Download all videos from DeepMind's Kinetics dataset. Moreover, you can use this library to extract frames and sound track from videos, generate metadata for training and pack all sound tracks into a single tfrecords file for faster reading.
- Python >= 3.4
- youtube-dl
- ffmpeg
- gzip
Required Python packages are listed in requirements.txt.
WARNING: Before you start any download from YouTube, please be sure, that you have checked YouTube Terms Of Service and you are compliant. Especially check section 5.H.
Download all videos:
python download.py --all
Download specific classes:
python download.py --classes 'pole vault' 'blowing glass'
List all classes:
python list_classes.py
Download specific categories:
Categories are defined as described in [1]. However, 14 classes were not present in any category, therefore, I added them under the category "custom".

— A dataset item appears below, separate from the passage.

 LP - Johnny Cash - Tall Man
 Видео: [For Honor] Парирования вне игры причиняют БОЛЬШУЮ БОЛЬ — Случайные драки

python download.py --categories 'arts and crafts' cooking
List all categories and classes that belong to them:
python list_categories.py
Extract frames from videos:
Extracting frames from the video files is useful because loading mp4 files during training is time-consuming. Additionally, current Neural Networks are usually training on a small subset of video frames from each video making it wasteful to load the whole video.
python videos_to_frames.py --all
The script uses VideoCapture from the OpenCV library. If you installed the library
using pip install opencv-python
it will not work because video-related functionality
is not supported in this build (see this stackoverflow question).
You will need to build OpenCV with video-related functionality enabled to use this script.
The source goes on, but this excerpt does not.